* WHAT TO DO *
Write out the stretch of lines below that begins at the line with "Vintage coffee table" and ends at the line with "Moon River - Women's", including both, exactly as given and nothing more.

#### INFORMATION GIVEN ####

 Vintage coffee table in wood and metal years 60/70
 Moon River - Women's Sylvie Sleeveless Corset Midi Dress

####
#### INFORMATION GIVEN ####

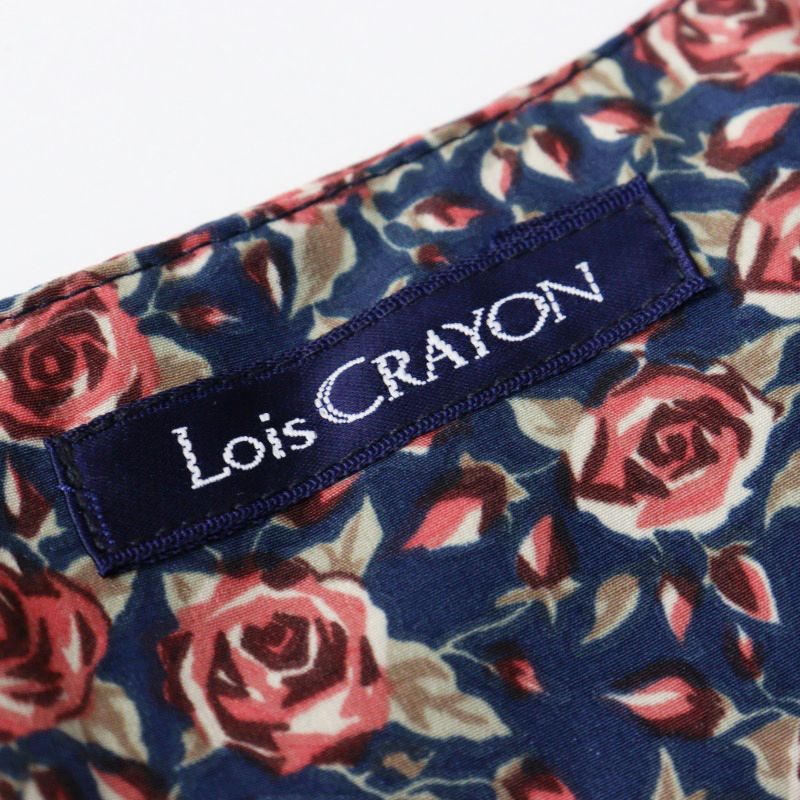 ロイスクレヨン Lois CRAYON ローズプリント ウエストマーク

####

* FINISHED TASK *
 Vintage coffee table in wood and metal years 60/70
 Moon River - Women's Sylvie Sleeveless Corset Midi Dress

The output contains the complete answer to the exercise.